[Captioned web image data]
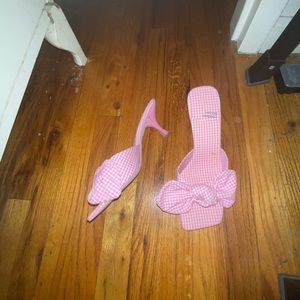 Jeffrey Campbell pink plaid kitten heels size 11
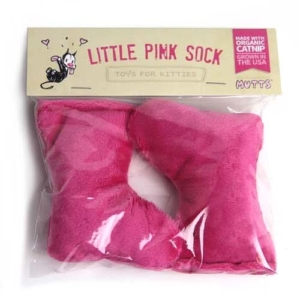 2 catnip-stuffed plush pink socks in package by MUTTS.com Patrick McDonnell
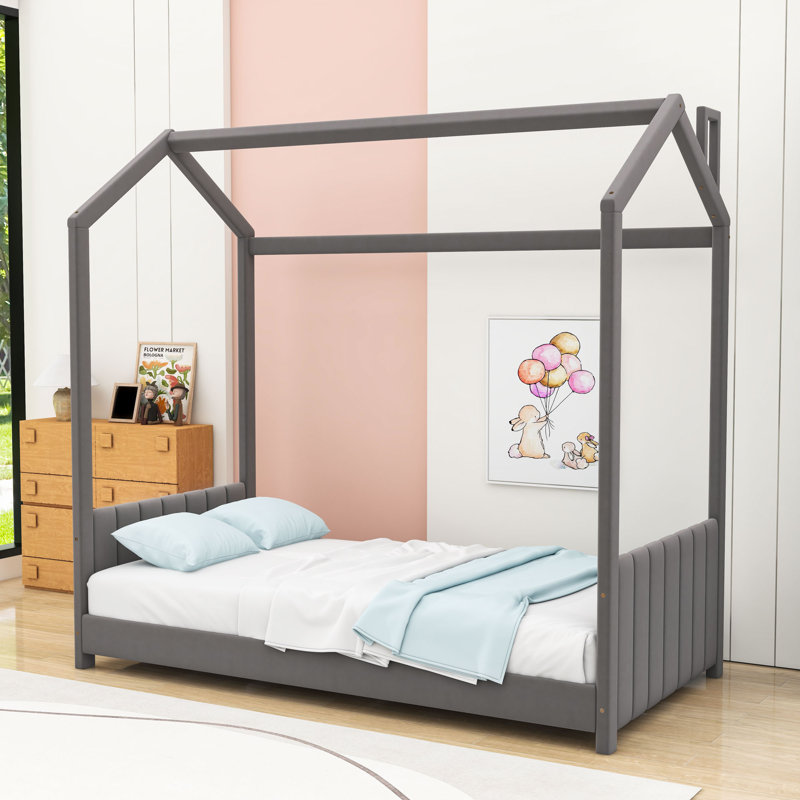 Velvet House Bed With Playhouse Design And Slats, Twin, Gray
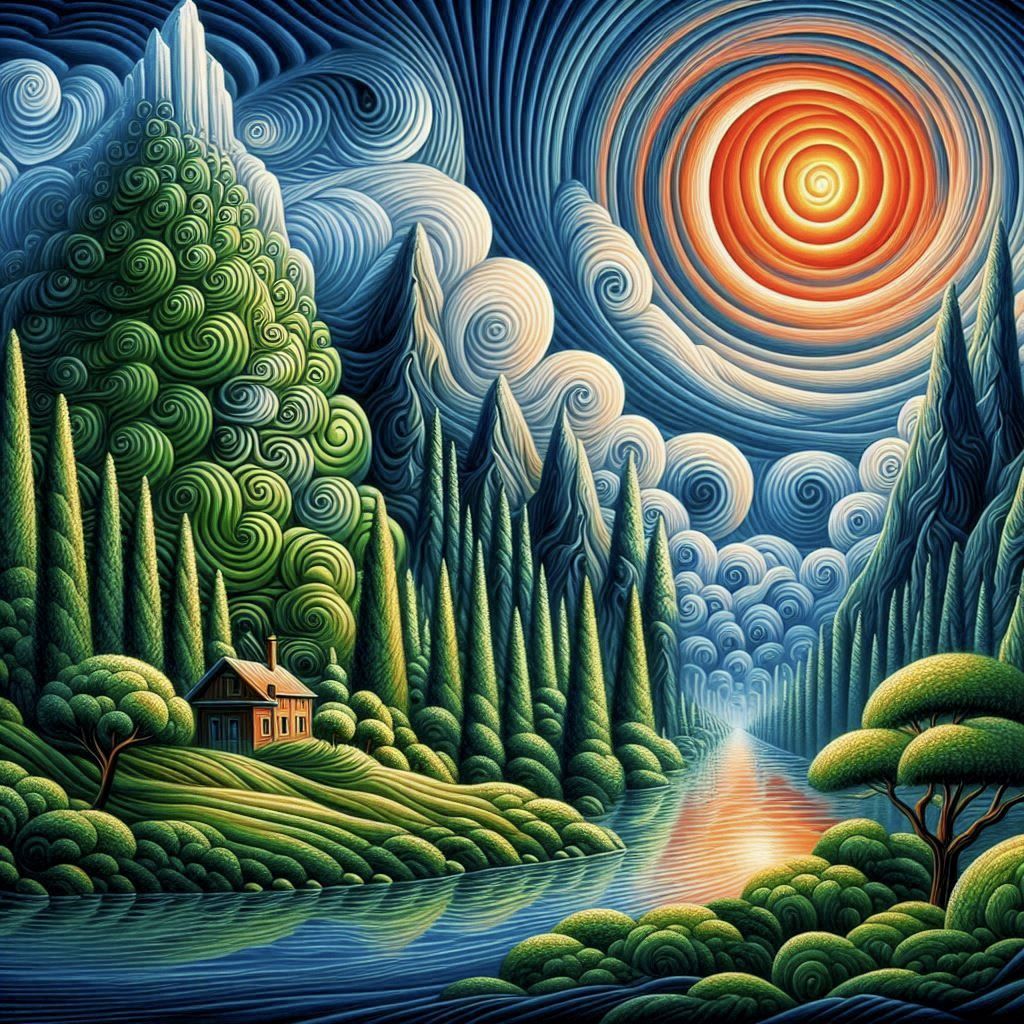 Spiral golden ratio painting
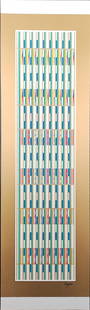 Yaacov Agam, Vertical Orchestration, Serigraph Signed & Numbered Number 24/54: Description Artist: Yaacov Agam Title: From the VERTICAL ORCHESTRATION portfolio Year: C1980s Dimensions: 26 in. by 8.5 in. Edition: 24/54 Medium: Silkscreen Condition: Excellent Signature Details: Ha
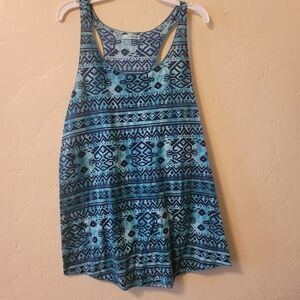 Maurices Blue Patterned Tank Top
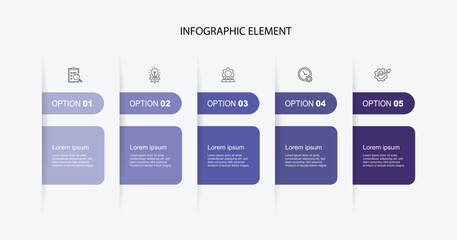Business infographic template. 5 step paper style with purple color.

Requirement: Return exactly the stretch above whose first line contains "2 catnip-stuffed plush" and whose last line contains "Maurices Blue Patterned Tank Top", and nothing outside it. The pictures should not appear.

Finished exercise:
 2 catnip-stuffed plush pink socks in package by MUTTS.com Patrick McDonnell
 Velvet House Bed With Playhouse Design And Slats, Twin, Gray
 Spiral golden ratio painting
 Yaacov Agam, Vertical Orchestration, Serigraph Signed & Numbered Number 24/54: Description Artist: Yaacov Agam Title: From the VERTICAL ORCHESTRATION portfolio Year: C1980s Dimensions: 26 in. by 8.5 in. Edition: 24/54 Medium: Silkscreen Condition: Excellent Signature Details: Ha
 Maurices Blue Patterned Tank Top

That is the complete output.